# WHAT THE TASK REQUIRES:
Look below for the line with "134 - An early" and the line with "May include: A"; repeat exactly those two lines and all lines between them, but no pictures.

Entries taken from a collection:
——————————
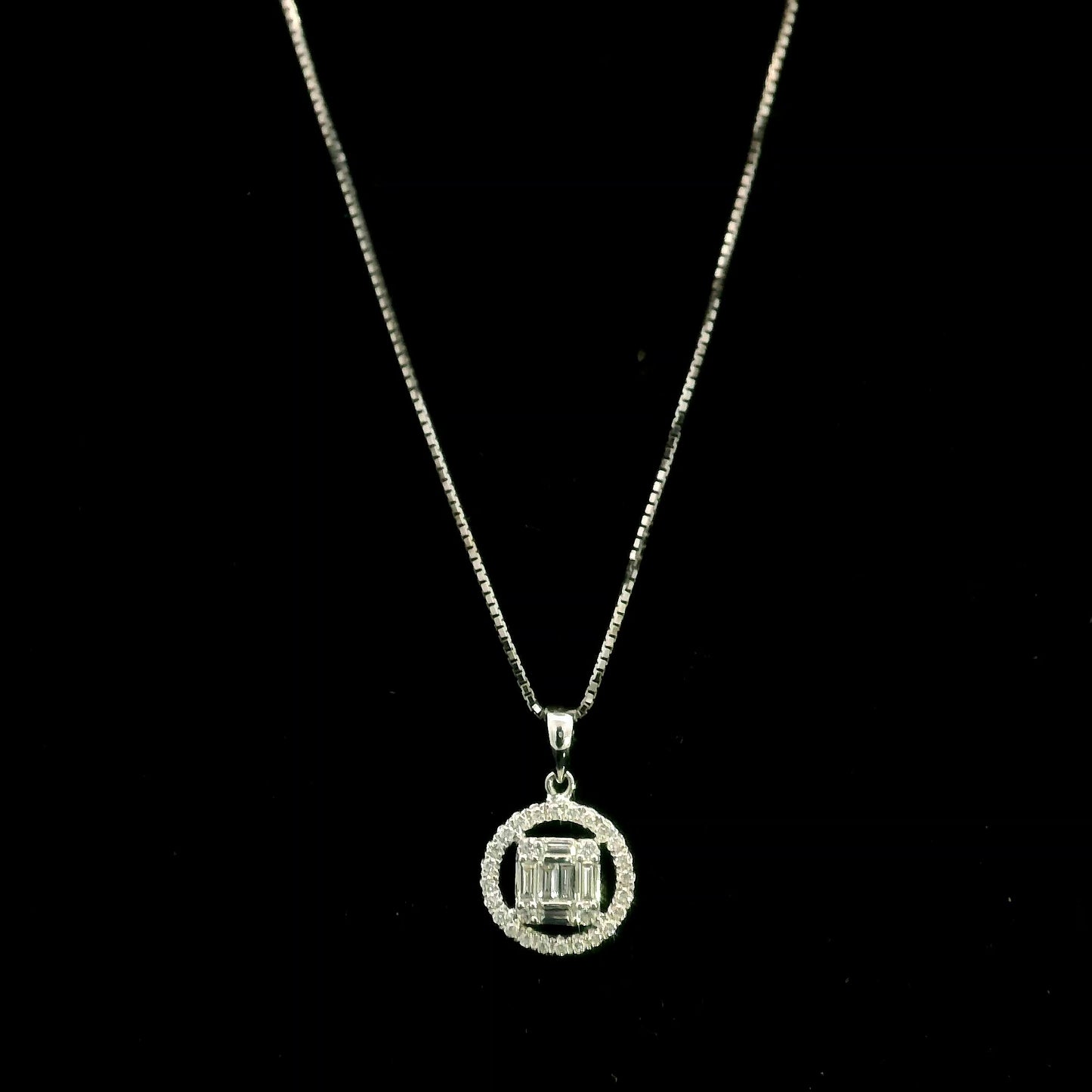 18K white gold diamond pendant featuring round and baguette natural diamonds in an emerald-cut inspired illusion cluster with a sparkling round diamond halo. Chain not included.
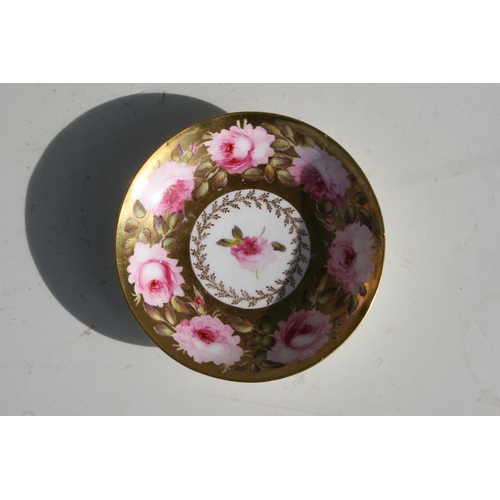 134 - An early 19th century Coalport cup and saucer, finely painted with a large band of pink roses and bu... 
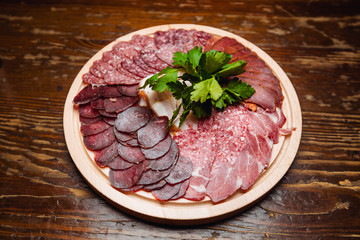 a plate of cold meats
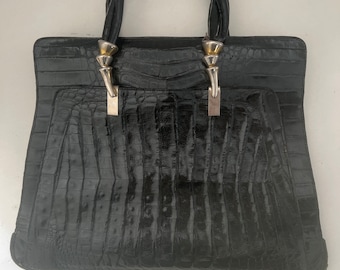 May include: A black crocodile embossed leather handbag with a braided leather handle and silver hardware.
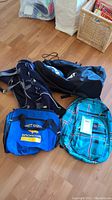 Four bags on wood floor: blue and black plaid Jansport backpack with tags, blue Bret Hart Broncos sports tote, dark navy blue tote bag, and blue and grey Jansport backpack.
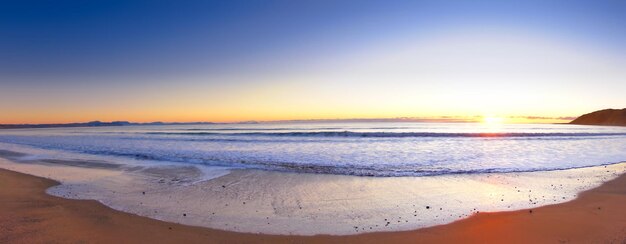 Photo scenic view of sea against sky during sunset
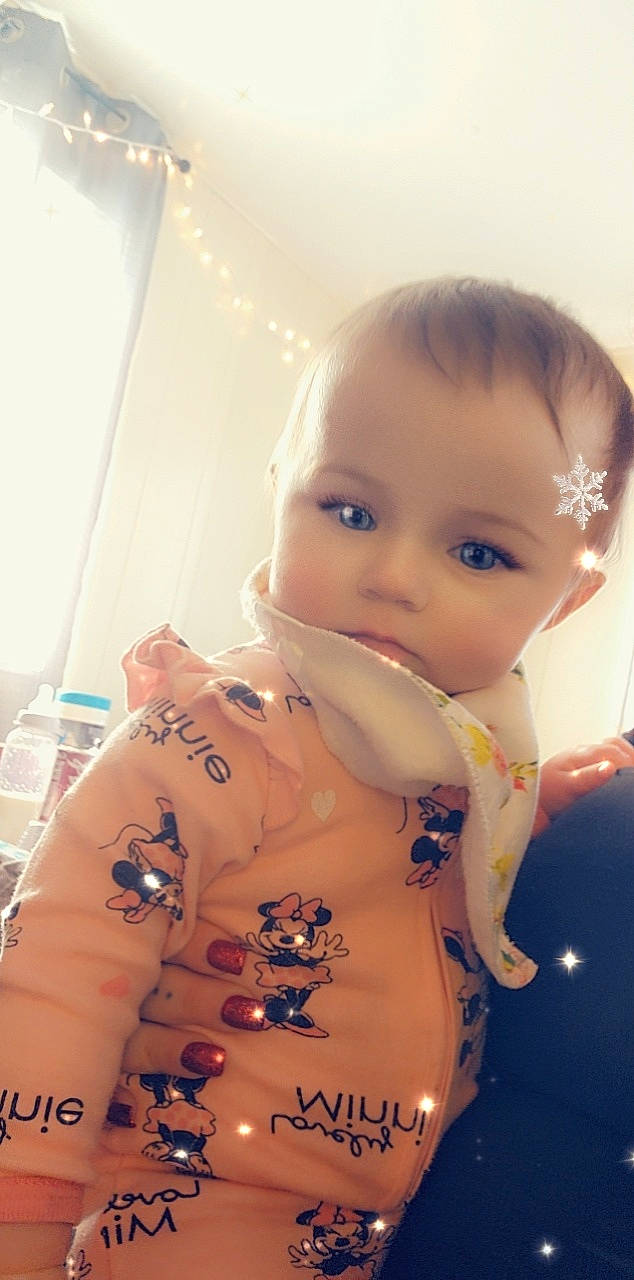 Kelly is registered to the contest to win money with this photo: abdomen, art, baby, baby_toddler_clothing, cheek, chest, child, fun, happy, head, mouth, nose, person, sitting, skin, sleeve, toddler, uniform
——————————
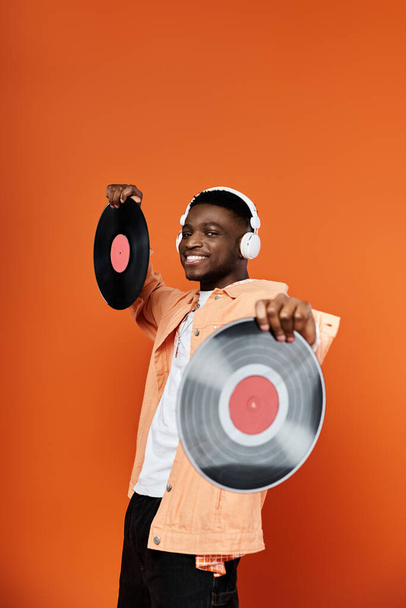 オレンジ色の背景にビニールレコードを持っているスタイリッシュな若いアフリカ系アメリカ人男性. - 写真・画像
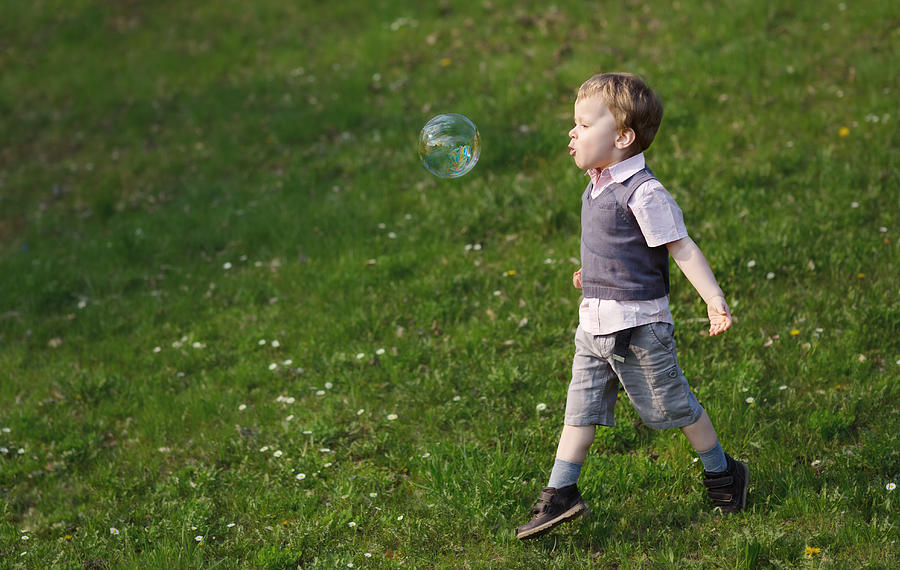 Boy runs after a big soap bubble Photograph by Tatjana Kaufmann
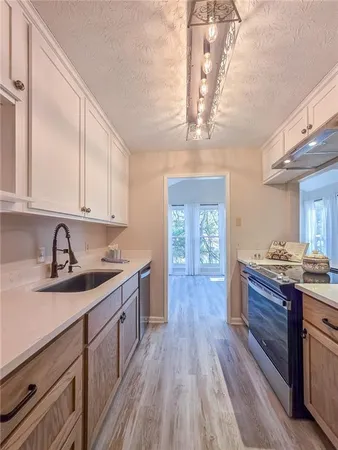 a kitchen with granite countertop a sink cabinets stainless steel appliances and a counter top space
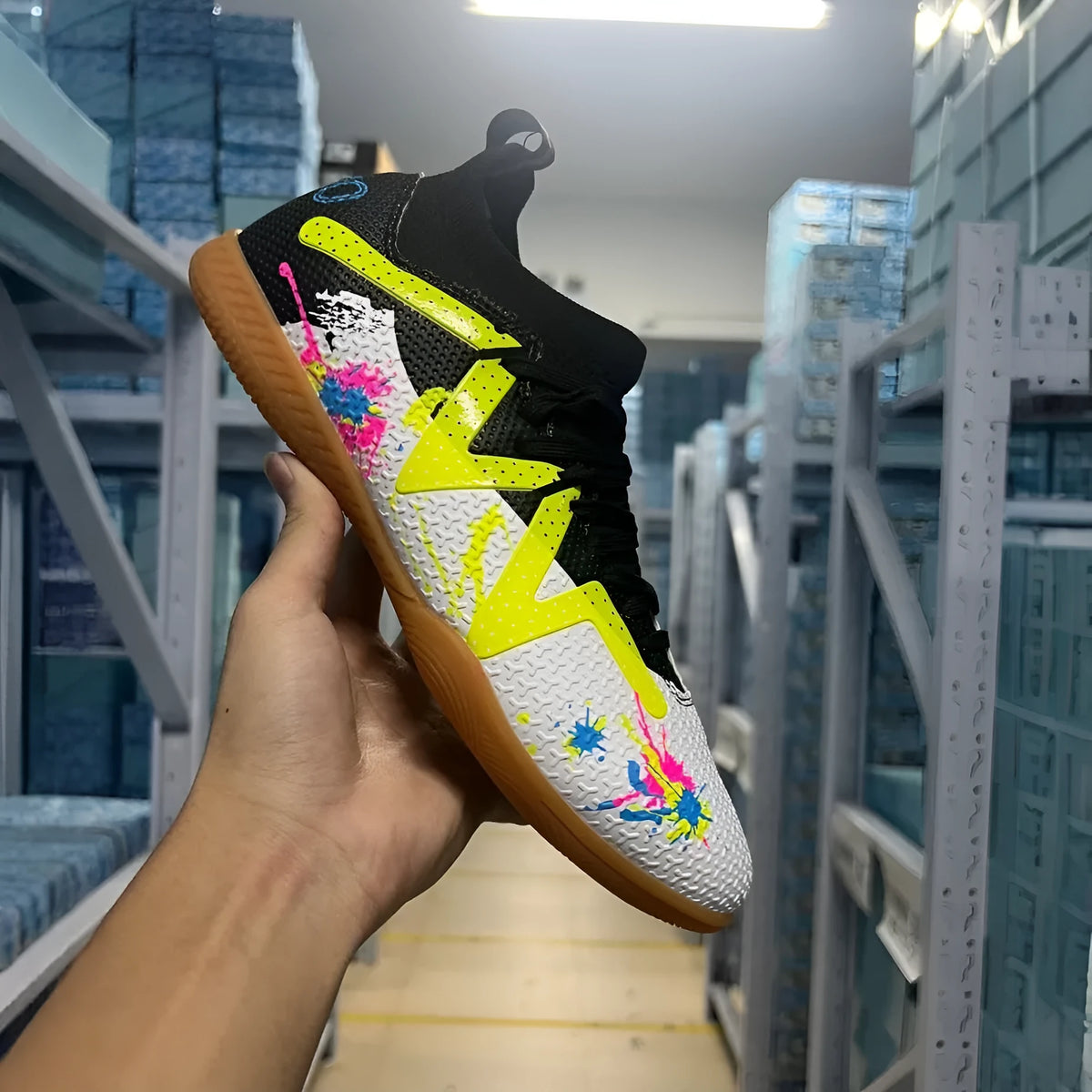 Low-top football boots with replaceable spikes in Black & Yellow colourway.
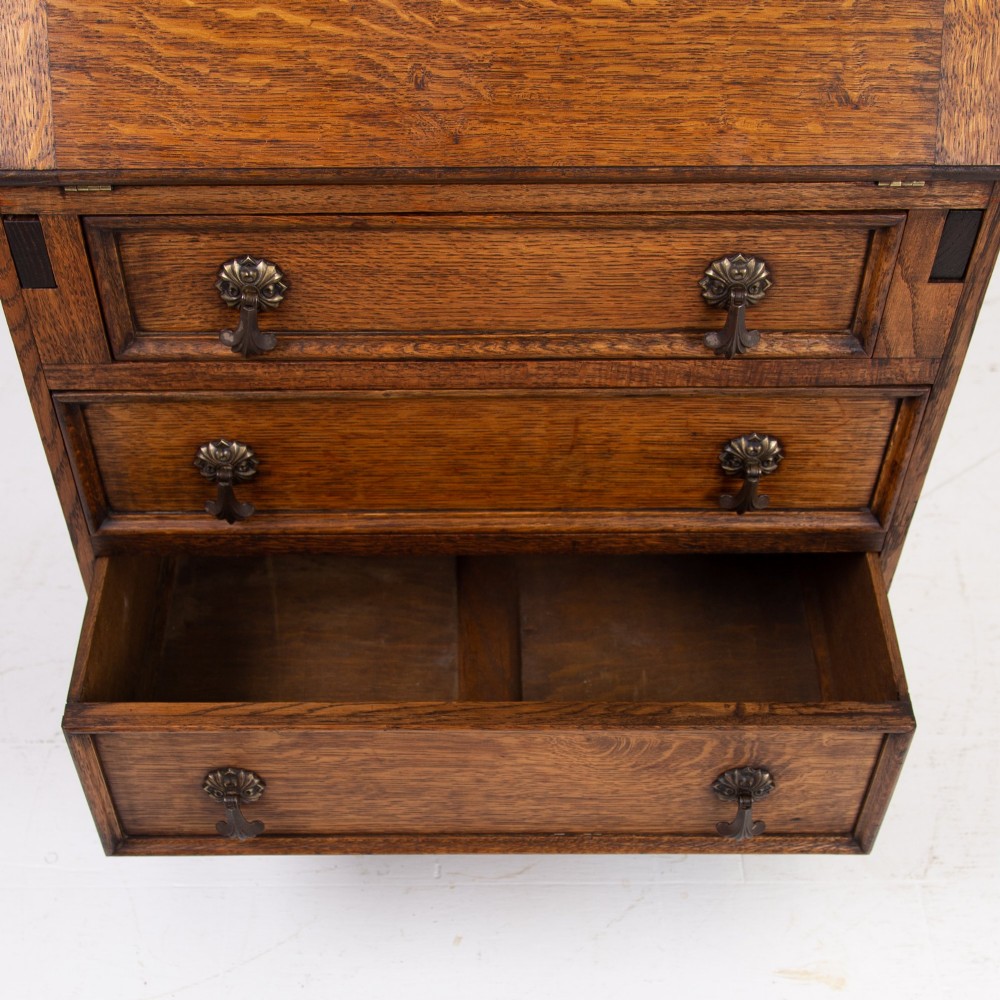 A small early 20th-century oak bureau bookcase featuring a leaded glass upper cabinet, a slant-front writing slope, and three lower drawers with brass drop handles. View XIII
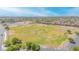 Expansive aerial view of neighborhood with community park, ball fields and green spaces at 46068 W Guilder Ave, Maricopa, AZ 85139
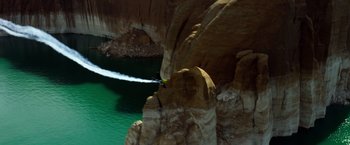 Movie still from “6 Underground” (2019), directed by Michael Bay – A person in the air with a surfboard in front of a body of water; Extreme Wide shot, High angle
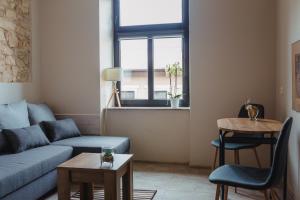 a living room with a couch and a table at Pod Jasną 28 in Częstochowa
——————————
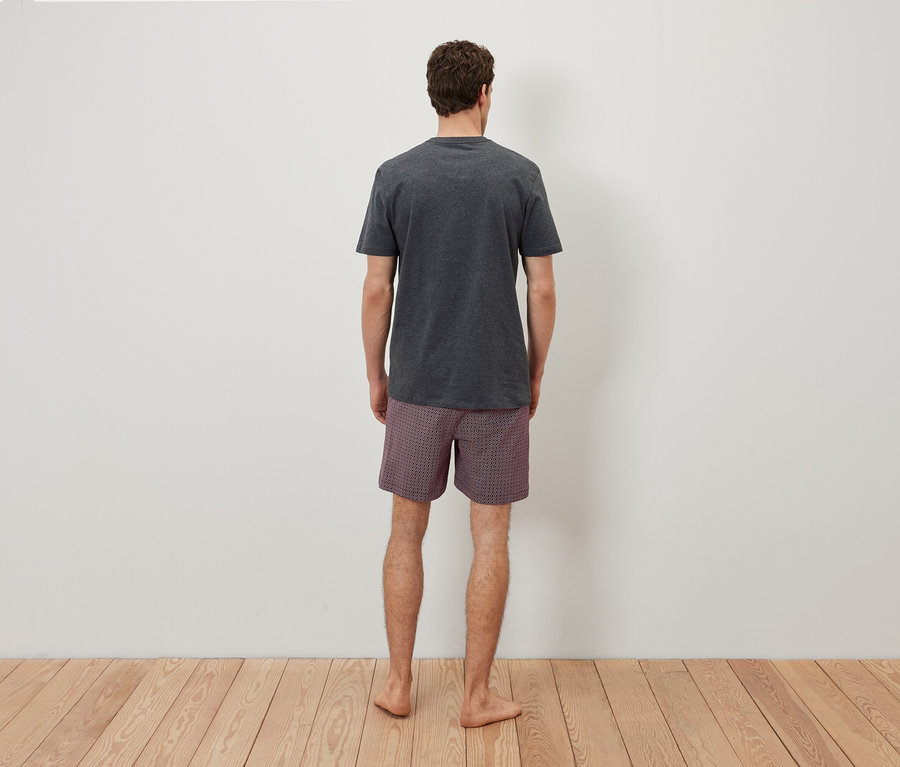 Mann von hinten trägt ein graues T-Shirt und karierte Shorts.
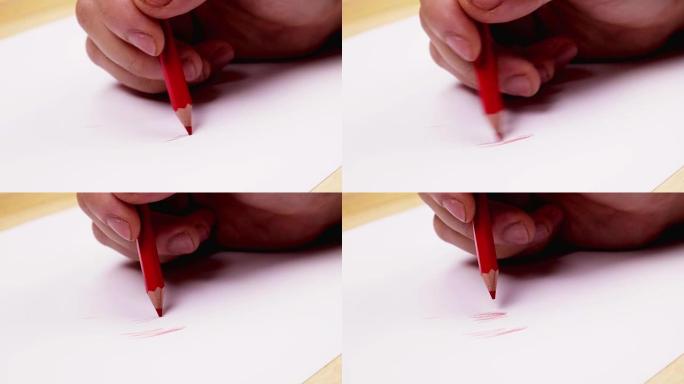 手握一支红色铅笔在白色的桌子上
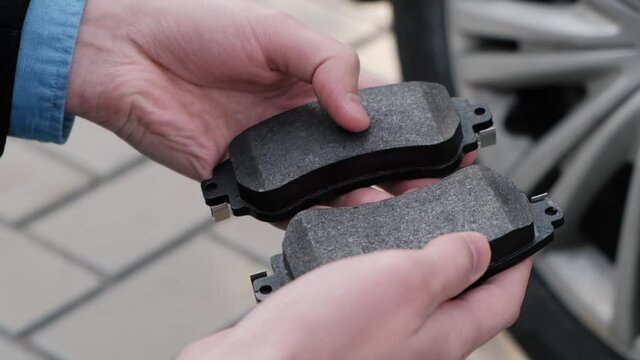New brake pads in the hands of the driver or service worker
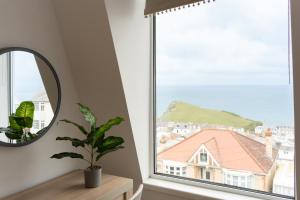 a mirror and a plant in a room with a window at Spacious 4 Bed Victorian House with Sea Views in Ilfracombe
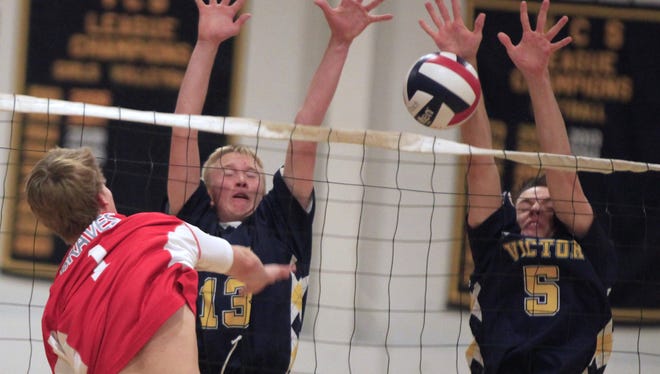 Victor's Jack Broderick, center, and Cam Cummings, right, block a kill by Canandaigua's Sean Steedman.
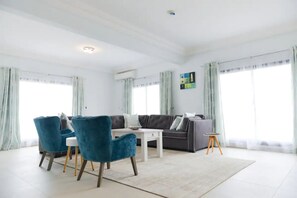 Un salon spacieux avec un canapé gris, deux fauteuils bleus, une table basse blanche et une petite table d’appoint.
——————————
# TASK SOLUTION:
 134 - An early 19th century Coalport cup and saucer, finely painted with a large band of pink roses and bu... 
 a plate of cold meats
 May include: A black crocodile embossed leather handbag with a braided leather handle and silver hardware.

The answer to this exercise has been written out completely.